The book is an extraordinary work of memoir, reportage and storytelling. It begins with the author's earliest years growing up in Mosul, then charts the city's capture and occupation by ISIS, that group's eventual defeat, and the city's post-liberation rebirth. The story unfolds through the poignant eyewitness accounts of many different people. Ahmed places these accounts in context, writing sometimes as a journalist and social historian and, at other times, by providing his personal recollection of events. In addition to eyewitness accounts, he includes poems and transcriptions of key radio broadcasts. Following the eyewitness accounts, the author presents Interwoven Stories, a chapter based on composite characters, sharing narratives that, for reasons of people's safety, could not be told in any other way. The book concludes with a series of inspiring accounts of how the city is re-emerging from its trauma, led by citizens undertaking volunteer work and changing cultural perceptions of women. - Camilla Reeve, Editor
Ahmed Zaidan has returned to his roots and written a book that looks deeply into the tragic reality of his hometown, Mosul, abandoned after a supposedly liberating invasion to the savagery of sectarian warfare, and then beyond this to the possibilities of a rebirth. As an unflinching journalist he shows us what happened to drive him into his own refugee experience and how it feels to hear the news from home as your city is torn apart and people you love lose their homes and lives. He digs deep into stories of ordinary people and his own childhood in Iraq. He looks atrocity directly in the eye and closely examines geopolitical and local fault-lines that led to the catastrophe of Mosul falling to the Islamic State.
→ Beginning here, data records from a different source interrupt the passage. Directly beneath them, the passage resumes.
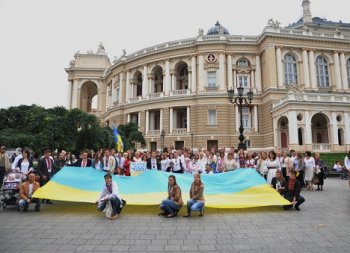 В Одессе состоялось шествие «вышиванок»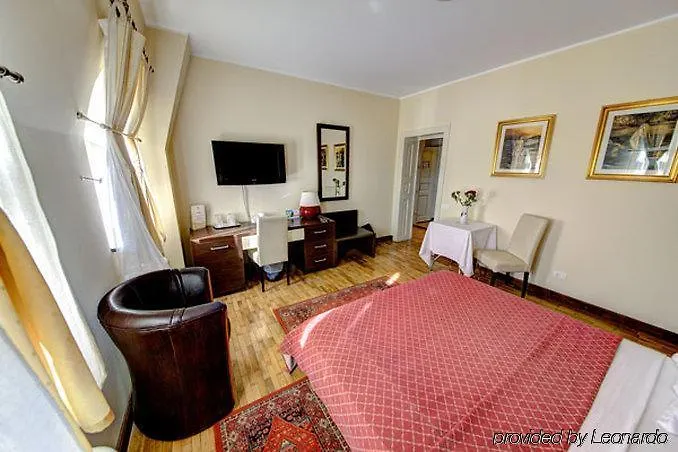 Hotel Reginetta II 부쿠레슈티 3*,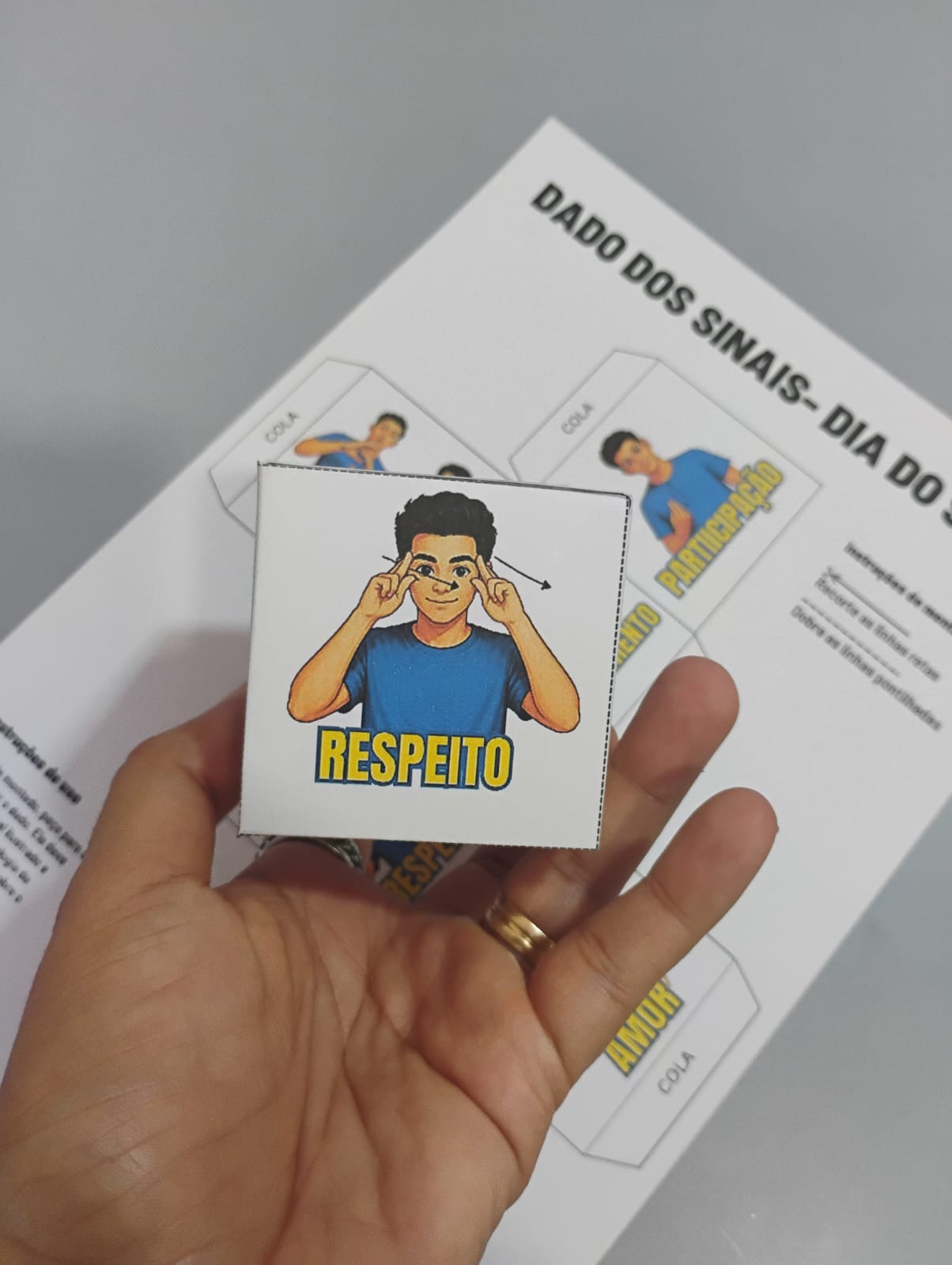 Dado Sinalizado em Libras | Recurso Pedagógico - Imagem 4
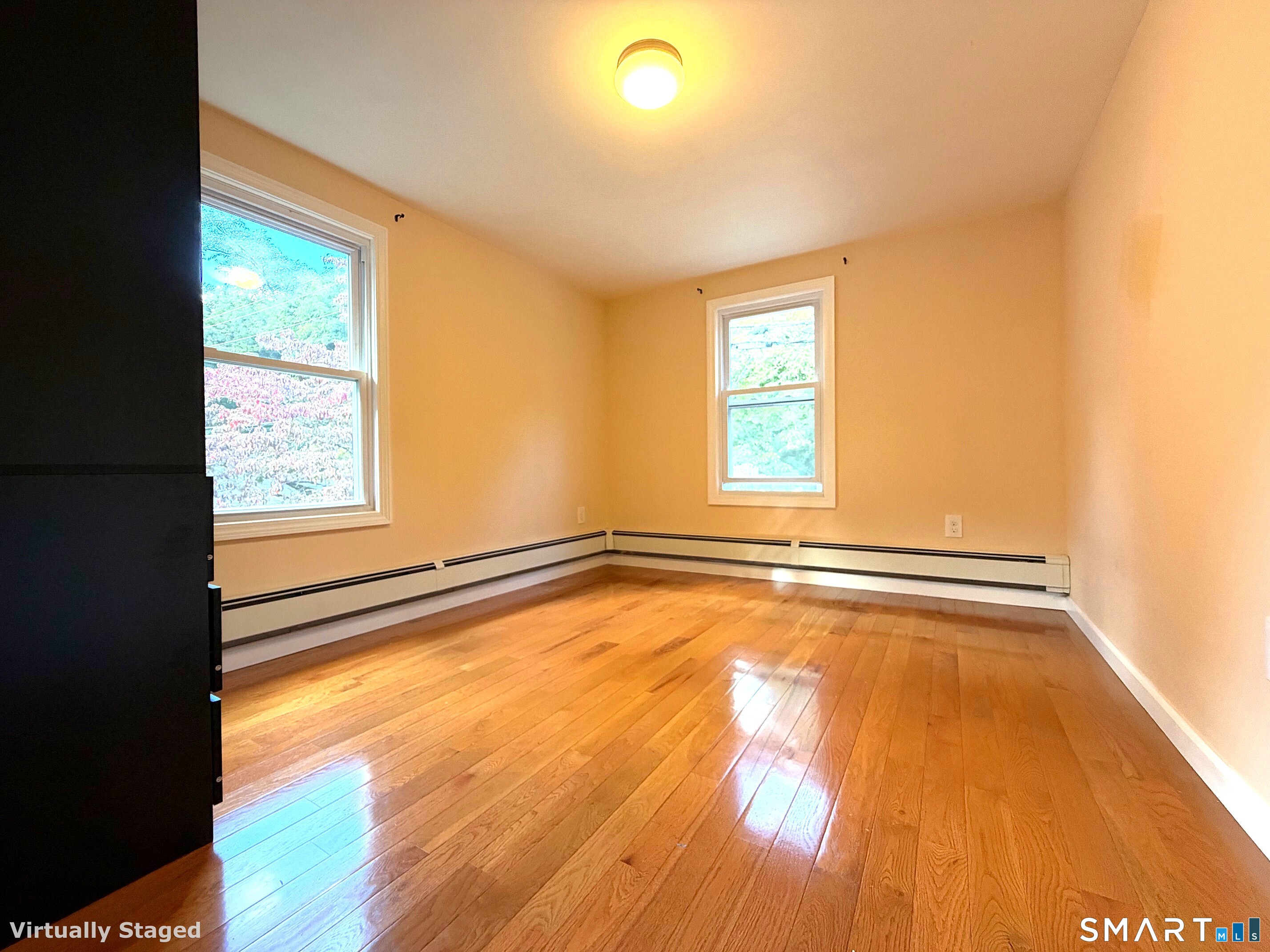 25 Railroad Avenue Farmington CT 06085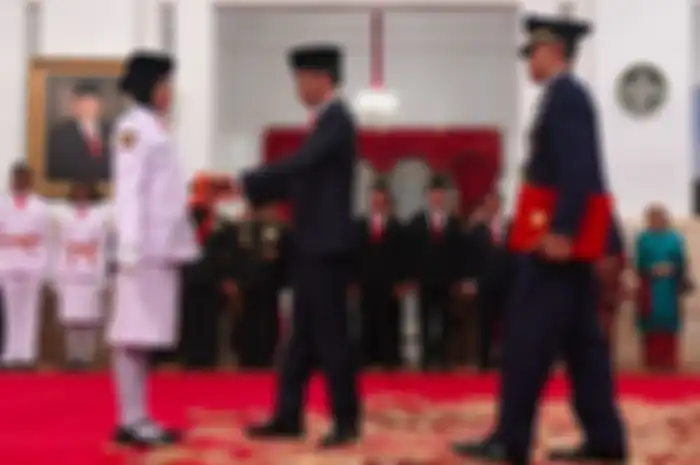 Suci Izdihar Hulwa menjadi salah satu dari 68 anggota Pasukan Pengibar Bendera Pusaka ( Paskibraka) yang dikukuhkan Presiden Joko Widodo .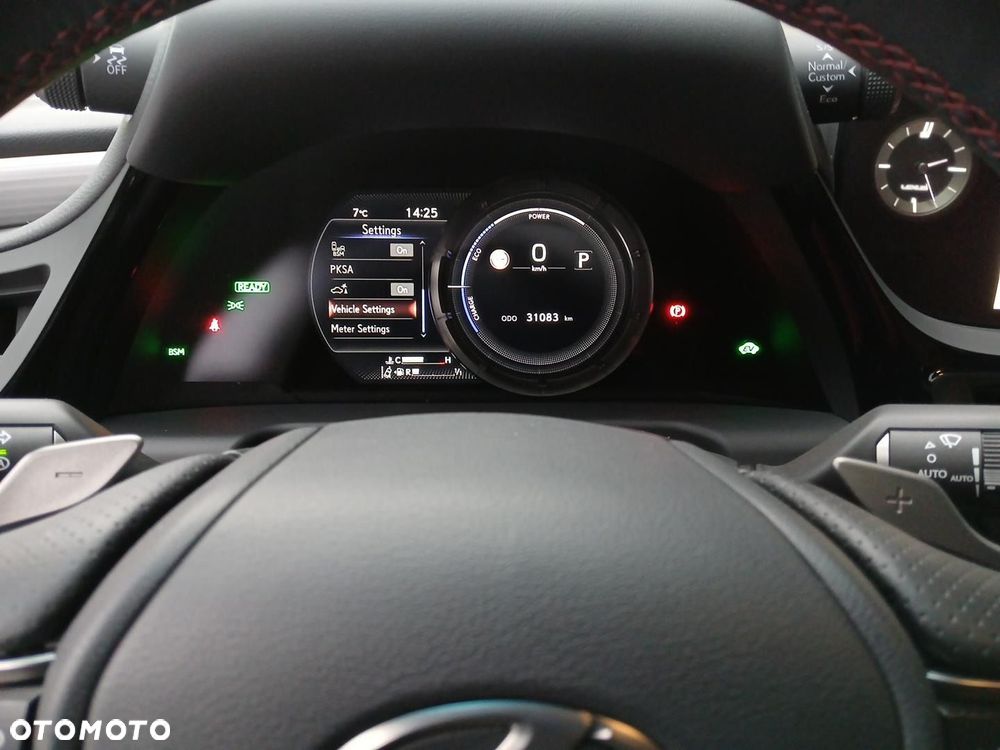 Lexus ES 300h F Sport Edition - 16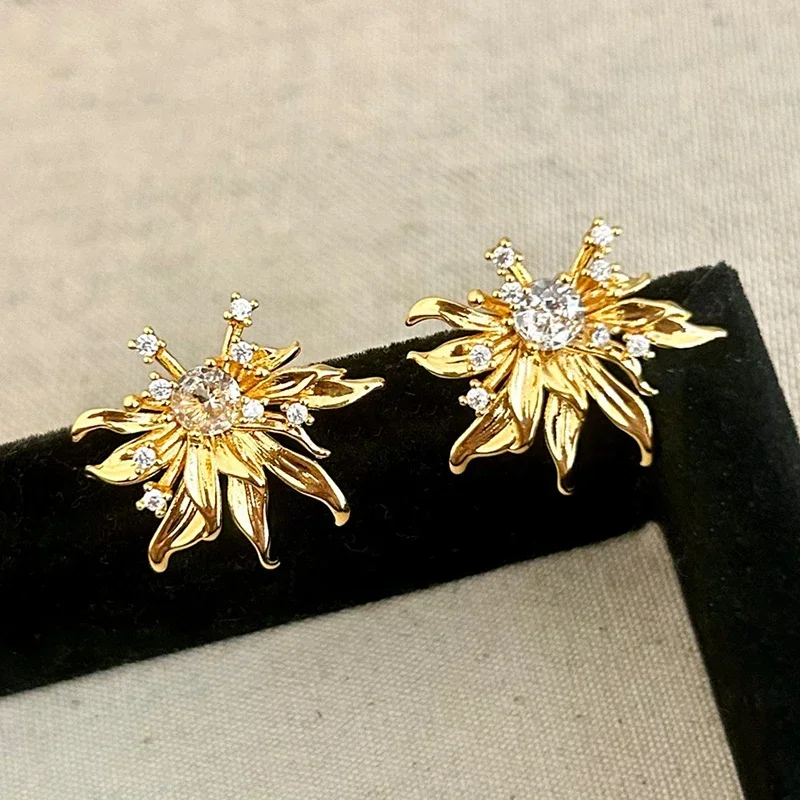 Настоящее серебро 925 пробы, золото 18 карат, циркон, нерегулярные серьги-гвоздики с цветами для женщин, ювелирные изделия, винтажные аксессуары для растений
Настоящее серебро 925 пробы, золото 18 карат, циркон, нерегулярные серьги-гвоздики с цветами для женщин, ювелирные изделия, винтажные аксессуары для растений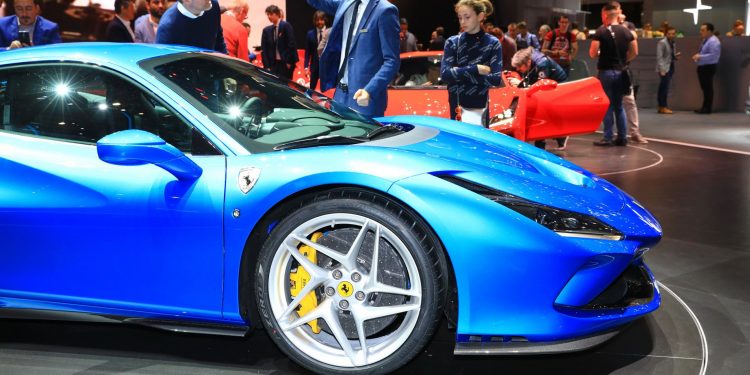 Ferrari F8 Tributo revelado em Genebra! 41
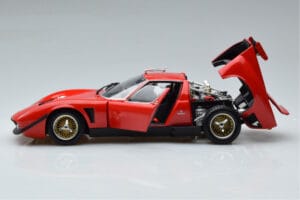 Lamborghini Miura SVR Vermelho Kyosho 1:18 08319RBK Metal - imagem 4 de 9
As well as being a journalist, Ahmed is also always a poet, hope is embedded in his world view, he sees the good hearts of those who maintain their dignity in the face of horror and finds lyrical beauty in the survival of humanity in the ruined city and its aftermath. Somehow, he finds shoots of a revived civilisation, shines a light on individual and community projects and celebrates possibility. This is a remarkable book in its scope and its personal testimony that sees beyond stereotypes and shows us that this is our world not a distant tale, that this rubble is where we all may dwell when hatred has the hour, and the only hope for the future lies in a recognition of our common humanity and in acceptance of our differences. -
Andy Willoughby, Poet and Playwright.